Succeeding in the cannabis industry is not easy, especially in California. Complex regulation, high taxes, expensive real estate, and competition with the black market are just a handful of factors that challenge cannabis businesses. The majority of players lack sufficient reserves and agility to stay in the game. Due to the substantial upfront costs required to obtain state and local licenses, many don’t even open their doors before cash flow problems lead to unpaid rent and defaulted loans. We are seeing an increasing number of distressed businesses in the cannabis space.

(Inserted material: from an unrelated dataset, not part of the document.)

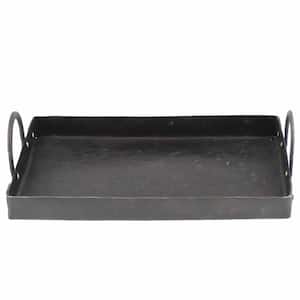 Amelia 6 in. W x 3 in. H x 10 in. D Rectangle Black Iron Dinnerware and Serving Storage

So, what happens when a cannabis business goes belly-up? A typical business can file for bankruptcy protection, and a court-appointed trustee may liquidate or reorganize the business to satisfy creditors and discharge the debt. Due to the federal prohibition against cannabis, however, cannabis businesses are not eligible for bankruptcy protection, and cannot discharge their debts the same way that other businesses can. Bankruptcy cases are handled exclusively in federal court, and the rationale is that it wouldn’t be possible for a United States Trustee to control and administer a debtor’s assets (cannabis) without violating the federal Controlled Substances Act. (See here for more on that).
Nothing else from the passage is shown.